→ **To do**: Copy the records below, from the line containing "Damebluse med moderigtige" through the last line; leave out pictures.

[Items from a data source]
┌──
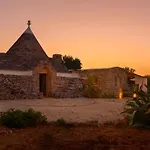 Trullo Elaia - Dimora Di Charme In Valle D'Itria Con Piscina
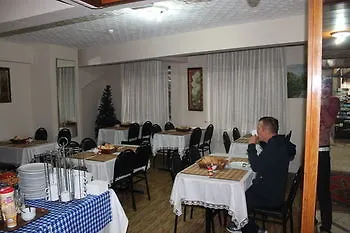 Paris Hotel 2*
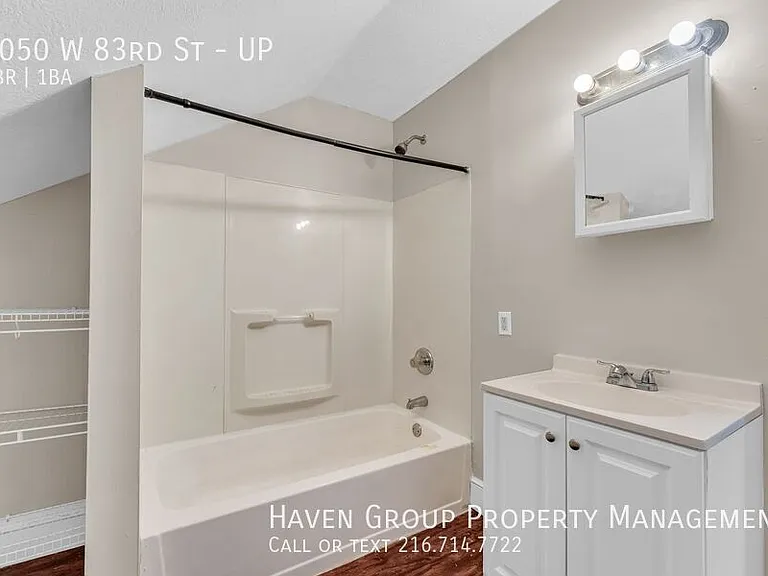 2050 W 83rd St #UP — Photo 13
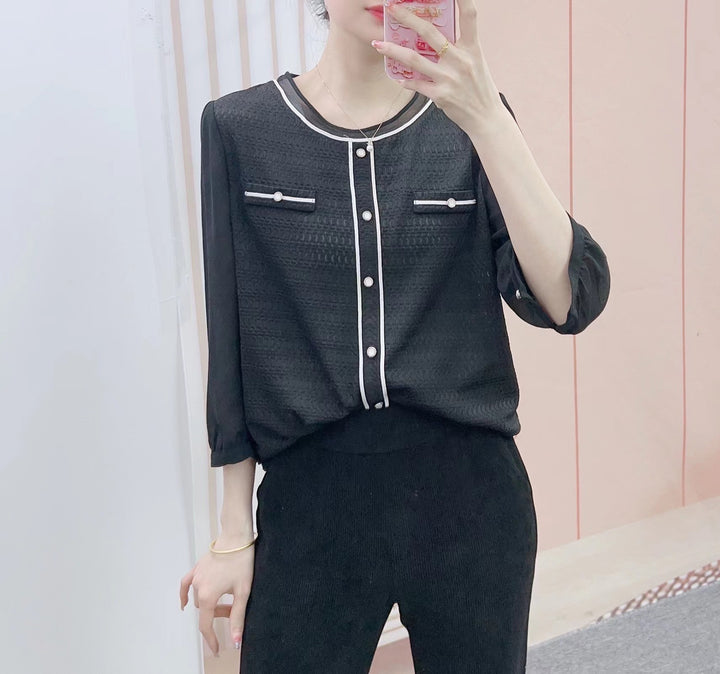 Damebluse med moderigtige indvævede mønster og elegante knapdetaljer Stilla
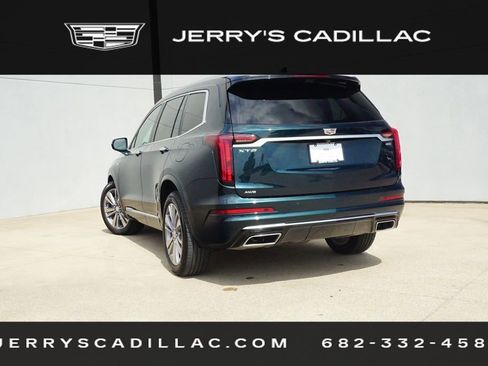 Certified 2025 Cadillac XT6 Premium Luxury w/ Platinum Package image 9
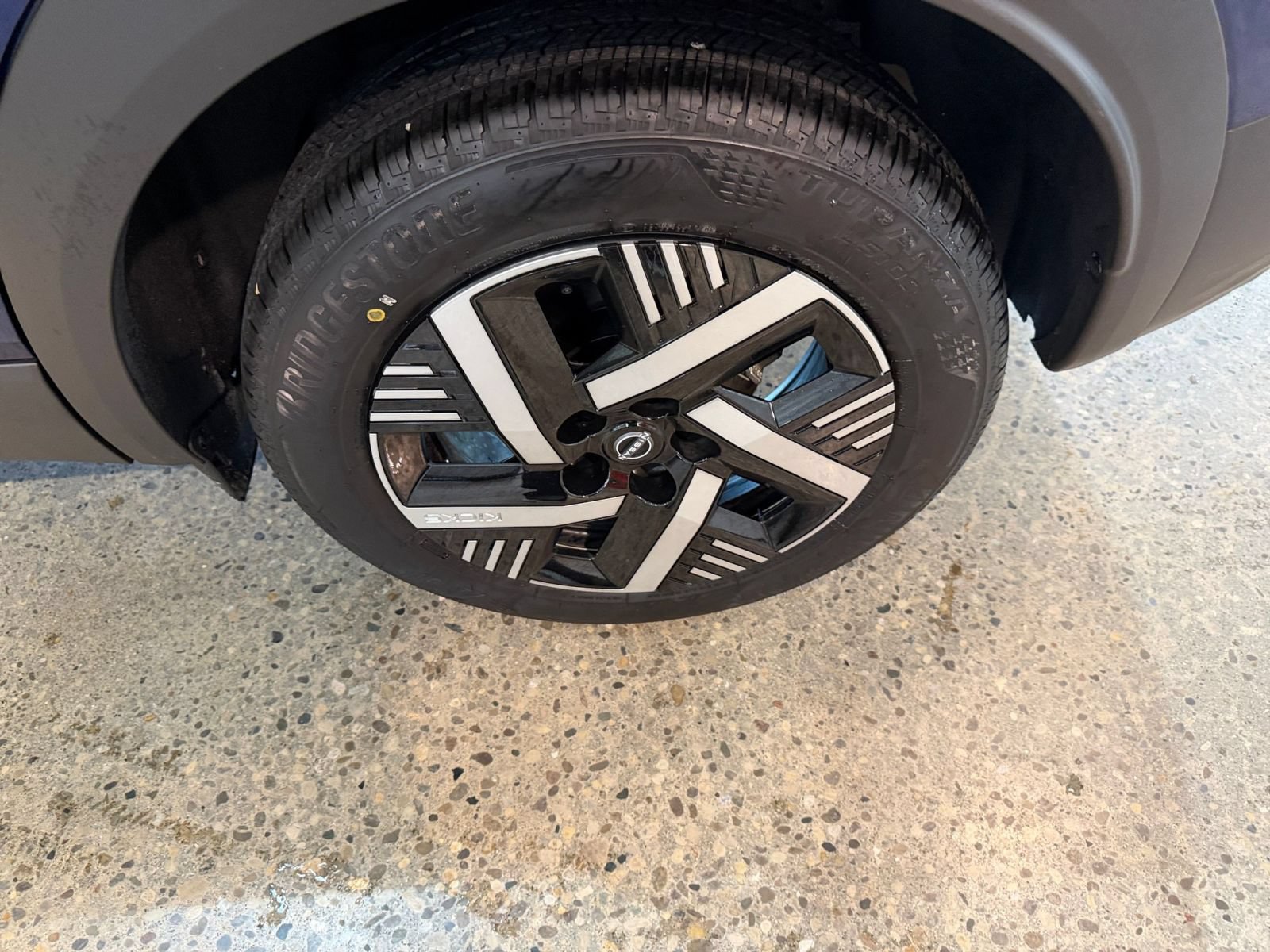 Used 2026 Nissan Kicks SV FWD image 28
└──
→ **Result below**:
 Damebluse med moderigtige indvævede mønster og elegante knapdetaljer Stilla
 Certified 2025 Cadillac XT6 Premium Luxury w/ Platinum Package image 9
 Used 2026 Nissan Kicks SV FWD image 28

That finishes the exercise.